:: Description of the task ::
Write out the whole listing exactly; no images belong in it.

:: Source data ::
Segment Open

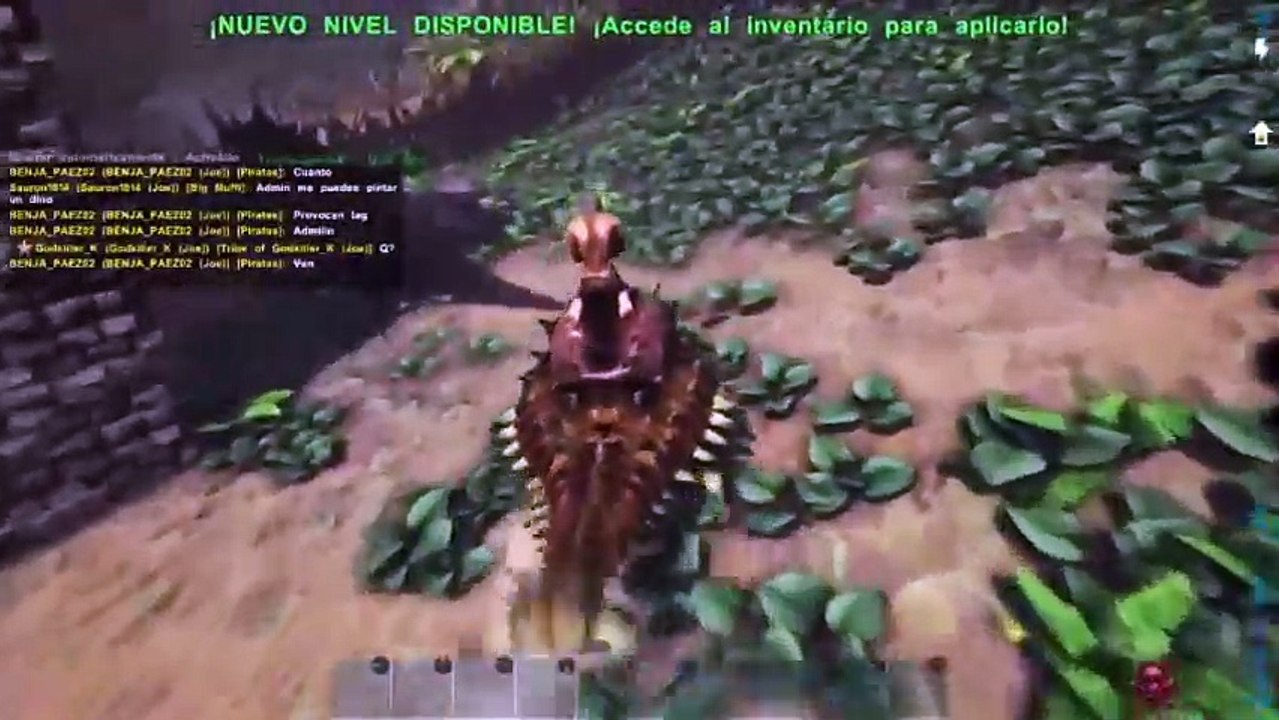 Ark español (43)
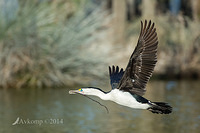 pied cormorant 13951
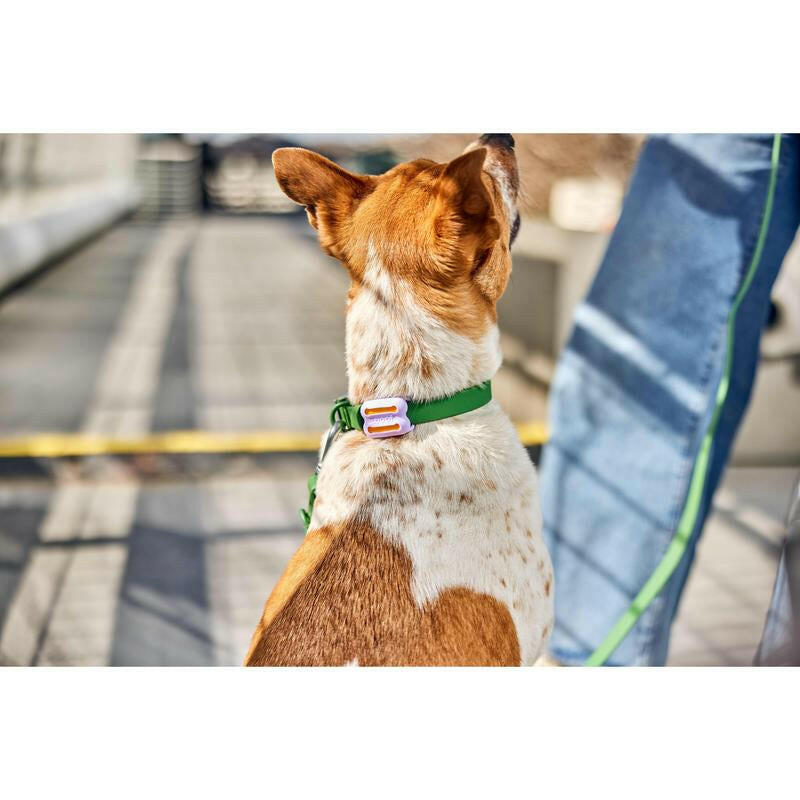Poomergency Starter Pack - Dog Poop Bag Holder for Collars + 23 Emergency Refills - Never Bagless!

Segment Closed

:: Answer ::
 Ark español (43)
 pied cormorant 13951
Poomergency Starter Pack - Dog Poop Bag Holder for Collars + 23 Emergency Refills - Never Bagless!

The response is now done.